What you have to do: Pictures excluded, output the lines of the data below between the one holding "Watch Carmen Christopher: Street" and the one holding "Iran seizes foreign", inclusive, exactly as they stand.

Provided data:
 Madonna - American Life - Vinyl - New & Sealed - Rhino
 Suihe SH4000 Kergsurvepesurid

...

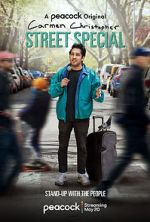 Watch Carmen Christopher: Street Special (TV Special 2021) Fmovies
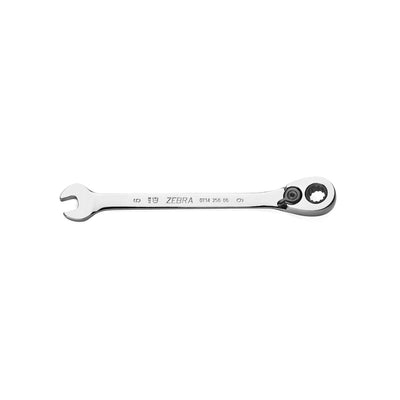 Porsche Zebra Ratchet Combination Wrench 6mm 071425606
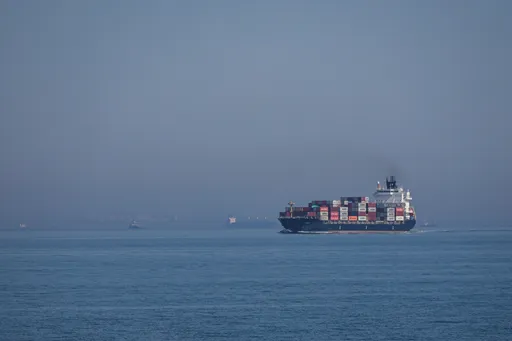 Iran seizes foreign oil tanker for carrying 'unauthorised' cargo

...

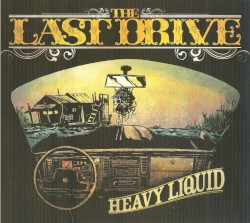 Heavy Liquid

Answer to the exercise:
 Watch Carmen Christopher: Street Special (TV Special 2021) Fmovies
 Porsche Zebra Ratchet Combination Wrench 6mm 071425606
 Iran seizes foreign oil tanker for carrying 'unauthorised' cargo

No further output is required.